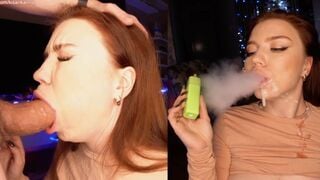 She Smokes And Sucks My Dick! And Then I Cover Her Face With Sperm! Just Look How Happy She Is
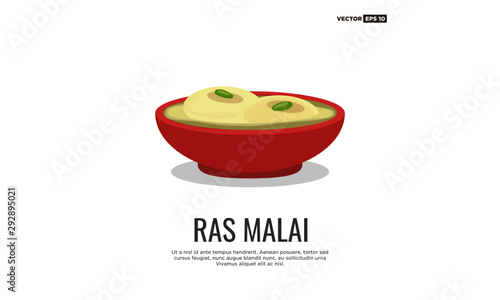 Ras Malai Indian Sweet Dessert Vector Illustration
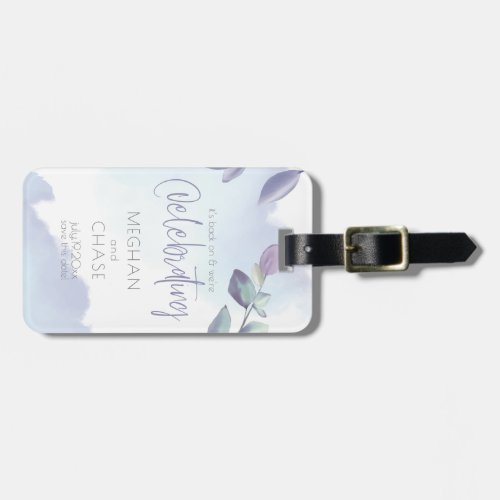 Rustic Watercolor Aqua Lilac Leaves Save the Date Luggage Tag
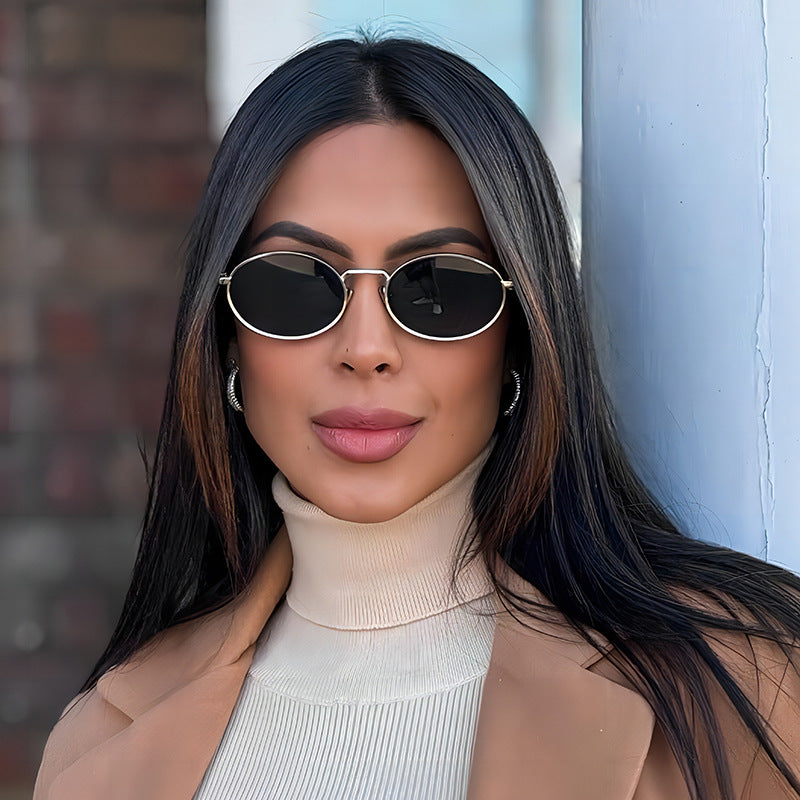Retro Oval Hip Hop Fashion Sunglasses UV400 Outdoor Shades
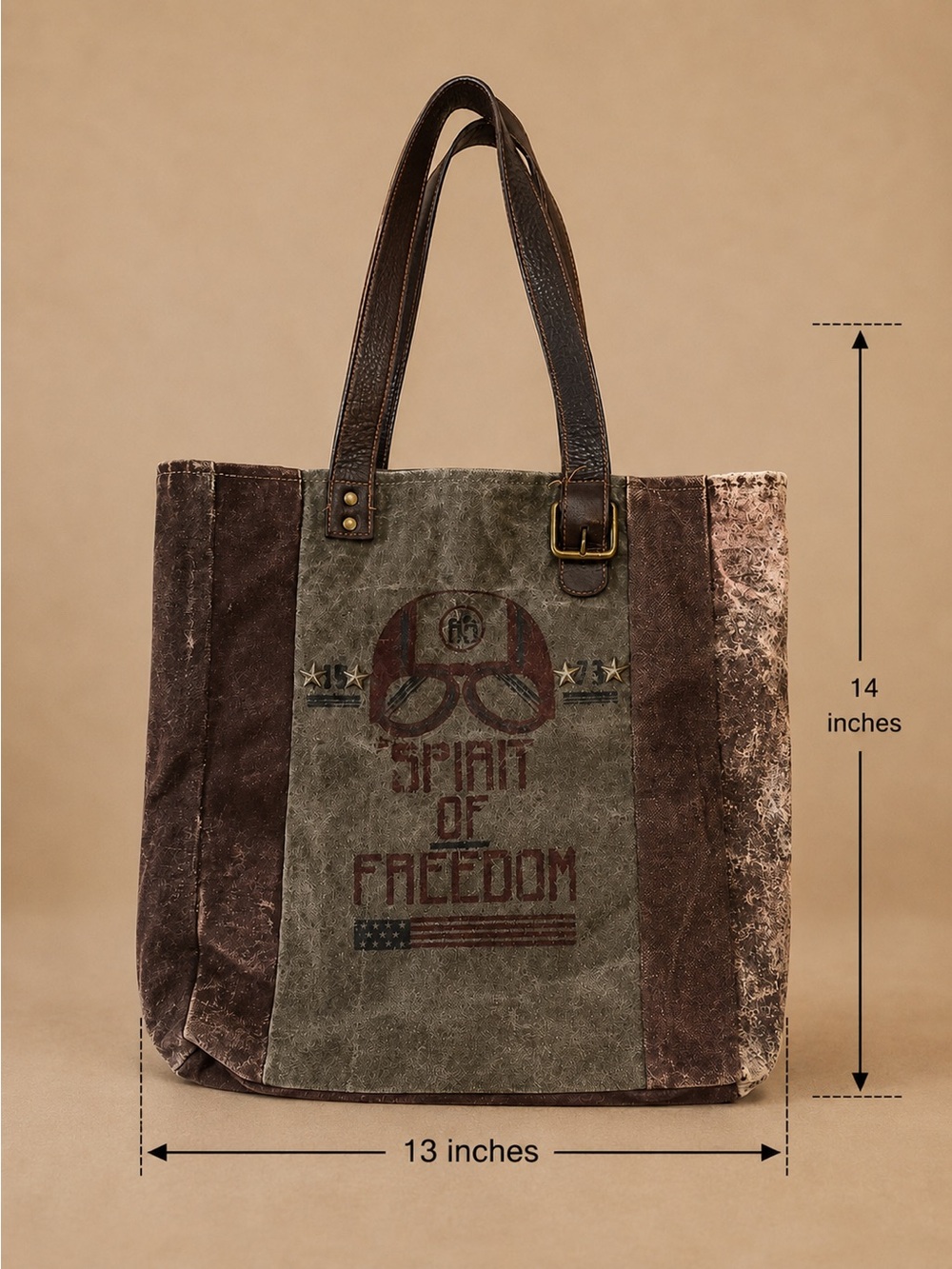 Mona b Vintage Style Distressed Canvas and Leather “Spirit of Freedom” Tote Bag - Picture 6 of 6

================================

Task to carry out ▸ Exactly the lines from the top of the entries through the line with "Retro Oval Hip", inclusive, must be given again, with every picture omitted.

Exercise result ▸
 She Smokes And Sucks My Dick! And Then I Cover Her Face With Sperm! Just Look How Happy She Is
 Ras Malai Indian Sweet Dessert Vector Illustration
 Rustic Watercolor Aqua Lilac Leaves Save the Date Luggage Tag
Retro Oval Hip Hop Fashion Sunglasses UV400 Outdoor Shades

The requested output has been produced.